Bahkan, ada sebuah candaan. Cristiano Ronaldo mau pindah ke Juventus karena tahu Torreira tak lagi bermain di Serie A.
Performa model beringas seperti itu yang membuatnya dicintai tim. Dalam istilah lokal Uruguay, Torreira merupakan ejawantah sempurna dari frasa Garra Charrua. Torreira mengartikan istilah tersebut dengan “memberikan segalanya dari apa yang kita punya, demi sepak bola, demi negara, dan demi orang-orang yang kita wakili”.
Tentu saja, bila publik Serie A lebih akrab dengan sebutan si Badak bagi Gennaro Gattuso, julukan tersebut bisa juga disematkan ke Torreira.
Lucas Torreira adalah tipikal gelandang bertahan yang dirindukan Arsenal, bahkan mungkin seluruh Liga Inggris.
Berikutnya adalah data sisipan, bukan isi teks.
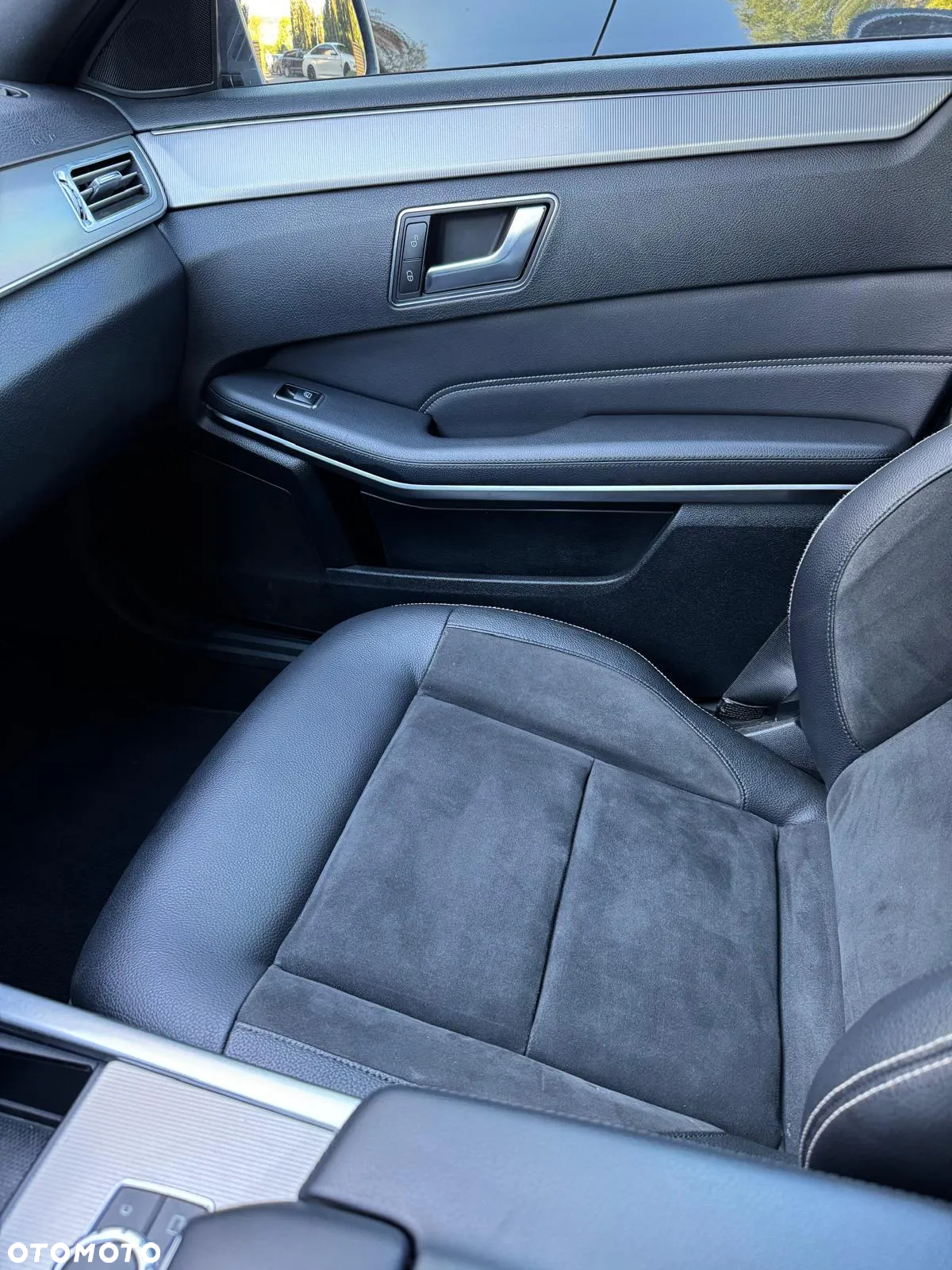Mercedes-Benz Klasa E 200 BlueTEC 7G-TRONIC Classic - 2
Arsenal, terutama di tahun-tahun terakhir Arsene Wenger, kesulitan menemukan pengganti bagi Patrick Vieira.
Tepat setelah Wenger pensiun, Torreira datang. Belum lima bulan Torreira berseragam The Gunners, fans sudah membuatkan lagu untuknya.
“He comes from Uruguay, he’s only five foot high.” Tentu saja, lirik tersebut dinyanyikan dengan nada yang sama dengan lagu penghormatan untuk Vieira, kapten tim Invincibles Arsenal.
Mobilitas dan kelincahannya dalam menghindar tekanan, lalu menekan balik lawan, sangat berguna dalam menghadapi intensitas Premier League yang kian tinggi. Dia kreatif seperti halnya Santi Cazorla, tapi juga mampu bermain kotor seperti halnya Francis Coquelin.
Di lini tengah, ia menjadi dobel pivot bersama Granit Xhaka. Ia menjadi pelindung Xhaka, yang lebih lamban daripada dirinya. Tatkala Xhaka maju ke depan guna membantu Aaron Ramsey, Torreira akan tetap bertahan menjaga kedalaman.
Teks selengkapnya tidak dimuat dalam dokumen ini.